S. S. Ambati & R. Ambatipudi [21] and S. F. Khan et al. [22] explained in their respective studies that the selection of a proper infill pattern during AM plays a critical role in strengthening 3D-printed PLA components, whereas V. Arikan [23] discussed that the triangular and tri-hexagon infill patterns perform better in terms of achieving the best mechanical properties of additively manufactured PLA samples, as compared to other infill patterns. D. Popescu et al. [24] studied fused deposition modeling (FDM) parameters for 3D printing, which clearly affect the mechanical strength of the specimens. Infill patterns are shown to improve weld efficiency in FSBW by promoting better heat distribution and consistent consolidation. T. Sadowski et al. [25] and M. Ayaz et al. [26] explained that factors like tool speed and pin profile control the heat input, material flow pattern, and microstructural evolution in the stir zone, which directly affect the weld strength and hardness of the FSW joint. A. H. Elsheikh et al. [27] demonstrated that cylindrical pin profiles produce distinct flow patterns and void distributions. However, O. Kocar et al. [28] and R. Singh et al. [29] explained in their studies that square pin geometries typically yield superior weld efficiency due to enhanced stirring actions and minimized void formation. C. Mcllroy and P. D. Olmsted [30] investigated the interdiffusion and entanglements among various layers of fused filament fabricated (FFF) samples. It was found that the joining of layers in 3D-printed samples was significantly affected by shear rates in the nozzle.
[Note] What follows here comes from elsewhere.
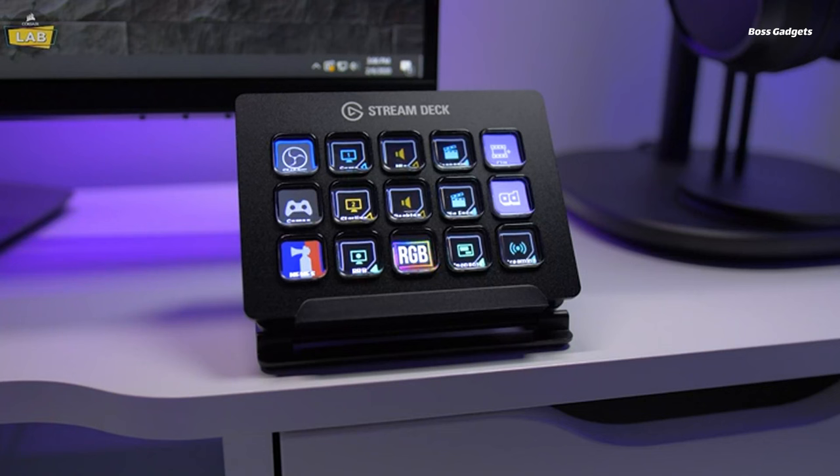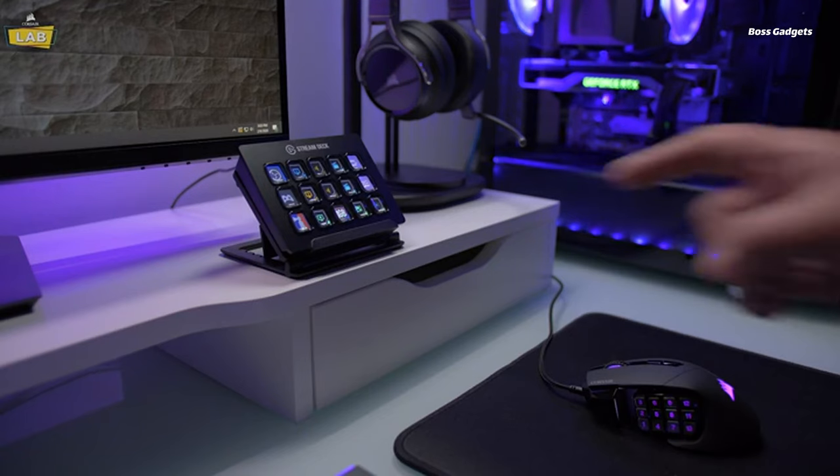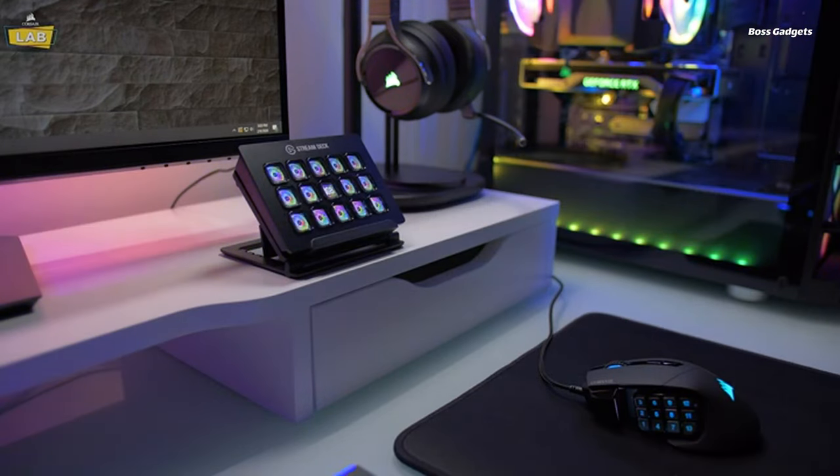With just a tap, you can instantly launch apps, open files, initiate commands, or trigger complex sequences precisely timed to your needs. Replacing obscure hotkey combinations with clear icons and labels reduces mistakes and boosts productivity.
A. A. Hamza & S. R. Jalal [31] and R. Chandana & K. Saraswathamma [32] explained in their studies that the tool pin profiles have a significant impact on the final weld quality. Moreover, stationary shoulder tools were also found to perform better than traditional tools. For instance, many researchers employed a variety of pin profiles, which include cylindrical, square, hexagonal, triangular, threaded cylinder, cylindrical cam, conical, taper, pentagonal, cylindrical tools with taper, and square tools with taper geometry.

Surface morphology analysis of FSBW joints using scanning electron microscopy (SEM) or optical microscopy is found to be vital in disclosing various phenomena, revealing grain structure and porosity, and evaluating the causes of low welding efficiency [5,33]. However, various other imaging techniques such as Gesellschaft für Optische Messtechnik (GOM) inspect analysis, X-ray computed tomography (CT) characterization, and coordinate measuring machine (CMM) can still offer valuable information on surface roughness, void formation, and weld integrity at the heat-affected zone (HAZ) in cases where SEM is inaccessible due to time and other constraints [7].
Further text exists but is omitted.